The 1st edition of this algoliterary game was developed for the workshop ‘Machine Learning Tools for Literary Creation’, that took place in Mundaneum from 8 till 12 October 2018. It was a collaboration with Gijs de Heij, Arts² Arts Numériques, with the support of Mundaneum and Communauté Française/Arts Numériques.

Naive Bayes methods are a set of supervised learning algorithms based on applying Bayes’ theorem with the “naive” assumption of independence between every pair of features in relation to the class.
Naive Bayes classifiers are famous for document classification, such as spam filtering. They require a small amount of training data to estimate the necessary parameters. As Machine Learning methods they can be extremely fast compared to more sophisticated methods, but are difficult to generalise. Naive Bayes is often used as baseline for other prediction models. It is known as a decent classifier, but a bad estimator, so the probability weights of predictions are not to be taken too seriously.
A little bit of history
Naive Bayes methods are named after Thomas Bayes, who was a reverend living in England in the 18th century. He was obsessed by the question of the chances one has to win a raffle. Thomas Bayes had great impact on history of reasoning under uncertainty, but his own history remains ironically uncertain. His exact birth date is unknown. The paper that would influence history was brought under attention only after his death in 1761, by his friend Richard Price who stumbled upon it. The paper highlights the notion of ‘likelihood’, the reasoning forward from hypothetical pasts that lay the foundation to then work backward to the most probably one.
In 1774 Pierre-Simon Laplace, a French mathematician, born in 1749 in Normandy, unaware of the work by Bayes, publishes a paper ‘Treatise on the Probability of the Causes of Events’. He solves the problem of how to make inferences backward from observed effects to their probable causes, using calculus. This is now called Laplace’s Law. If we really know nothing about our raffle ahead of time, we know that –  if we buy 3 tickets and all of them are winners, the expected proportion of winning tickets is exactly 4/5 – the chances that we win are: the number of wins + 1 / number of attempts +2. It is the first simple rule of thumb for confronting small data in real world.
Laplace published a book ‘Philosophical Essay on Probabilities’ for general audience, which is ‘still one of the best, laying out his theory and considering its applications to law, science, everyday life’ following Brian Christian & Tom Griffiths in their book ‘Algorithms to Live by’. While Laplace did most of the work, it is interesting to see that the Thomas Bayes won the naming of the method, Bayes’s Rule.

 

The game

(To optimize this game, a test phase and a confusion matrix need to be added)

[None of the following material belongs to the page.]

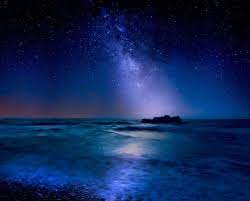 milky way over mediterranean sea 美しい景色 景色 夜空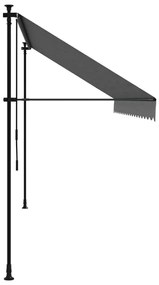 Toldo retrátil 400x150 cm tecido e aço antracite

1. GATHER YOUR SAMPLE DATA: write 6 short sentences in the same style, of which 3 sentences are positive, 3 sentences negative.

2. PROCESS THE TEXT:
2.1. Decide the unit of analysis (word/character/bigram…).
2.2. Split your sentences in units.
2.3. Mark each unit as being positive or negative.
2.4. Create your vocabulary: a collection of all unique units of all 6 sentences.

3. PREPARE THE TRANSFORMATION from WORDS to NUMBERS:
3.1. Display the units in 1 row of a grid. These are the columns of your matrix.
3.2. For each sentence, display the units as 1 row in the columns of the grid.
3.3. Count the probability that a sentence in your model is positive:
number of positive sentences / total number of sentences
3.4. Count the probability that a sentence in your model is negative:
number of negative sentences / total number of sentences
3.5. Count all positive units.
3.6. Count all negative units.
3.7. Count all units (your vocabulary size).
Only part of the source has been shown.